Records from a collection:
##############################

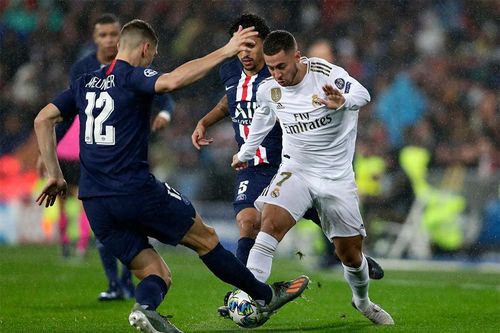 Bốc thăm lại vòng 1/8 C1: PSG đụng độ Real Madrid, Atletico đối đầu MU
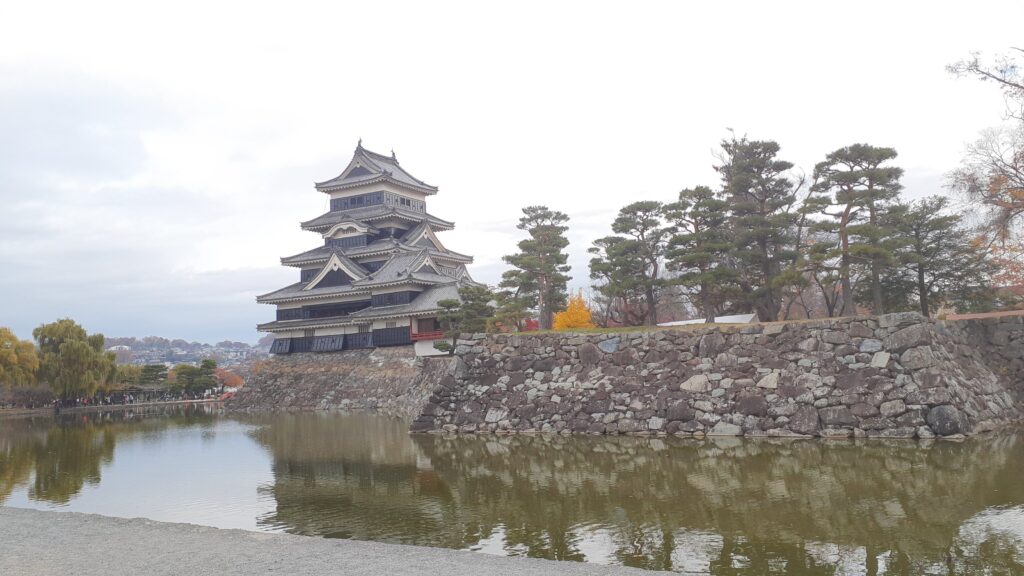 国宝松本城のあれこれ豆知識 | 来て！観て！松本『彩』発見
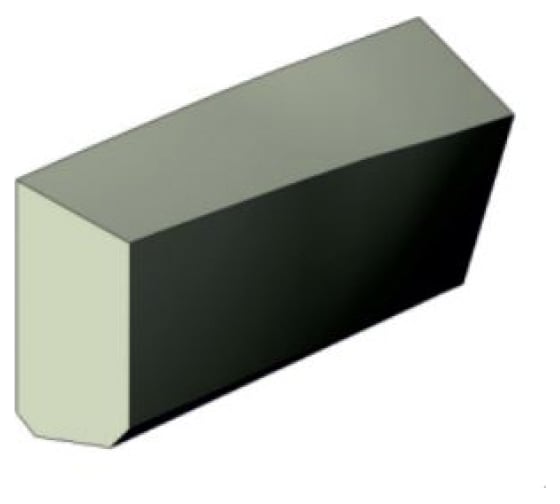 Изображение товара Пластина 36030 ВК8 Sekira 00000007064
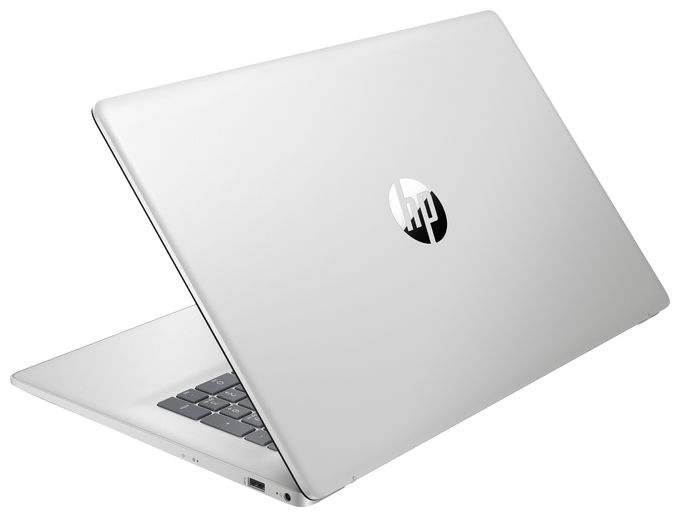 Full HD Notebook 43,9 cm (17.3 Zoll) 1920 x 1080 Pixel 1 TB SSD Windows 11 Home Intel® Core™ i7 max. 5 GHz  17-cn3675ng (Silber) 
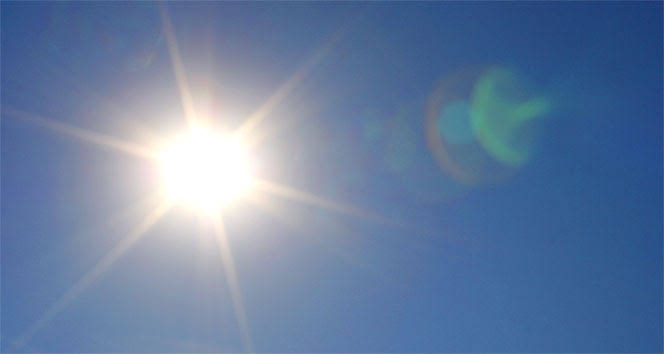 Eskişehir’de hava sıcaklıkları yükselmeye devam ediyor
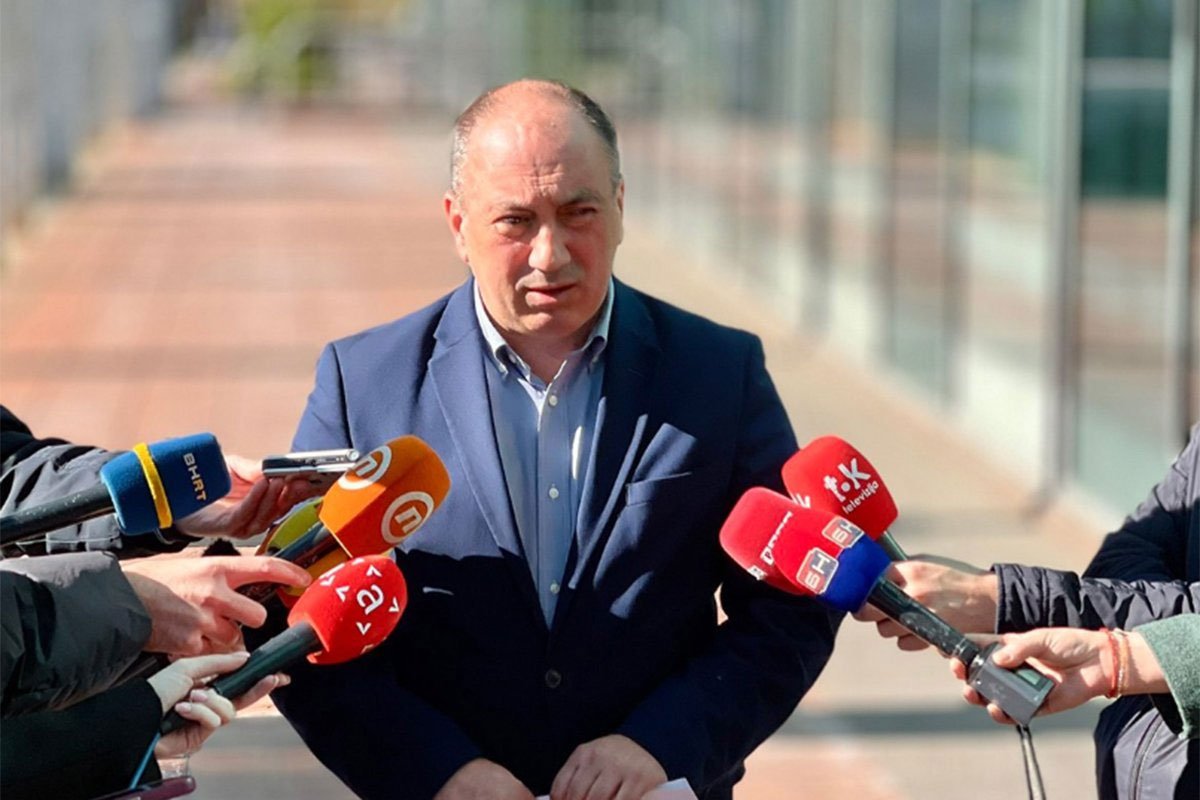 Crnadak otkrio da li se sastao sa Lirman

##############################

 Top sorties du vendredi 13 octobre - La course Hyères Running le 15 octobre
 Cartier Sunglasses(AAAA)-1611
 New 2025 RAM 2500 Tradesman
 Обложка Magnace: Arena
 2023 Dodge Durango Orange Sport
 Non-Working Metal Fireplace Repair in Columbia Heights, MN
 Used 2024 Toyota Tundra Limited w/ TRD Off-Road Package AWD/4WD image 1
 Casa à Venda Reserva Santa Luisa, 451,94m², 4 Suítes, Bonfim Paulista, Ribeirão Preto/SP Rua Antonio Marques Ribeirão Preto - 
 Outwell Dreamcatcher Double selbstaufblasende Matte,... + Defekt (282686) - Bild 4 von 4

##############################

_PROBLEM TO SOLVE_
Print the lines above from the one with "Used 2024 Toyota" through the one with "Outwell Dreamcatcher Double", both included, exactly as written and nothing more.

_RESULT FOR THIS TASK_
 Used 2024 Toyota Tundra Limited w/ TRD Off-Road Package AWD/4WD image 1
 Casa à Venda Reserva Santa Luisa, 451,94m², 4 Suítes, Bonfim Paulista, Ribeirão Preto/SP Rua Antonio Marques Ribeirão Preto - 
 Outwell Dreamcatcher Double selbstaufblasende Matte,... + Defekt (282686) - Bild 4 von 4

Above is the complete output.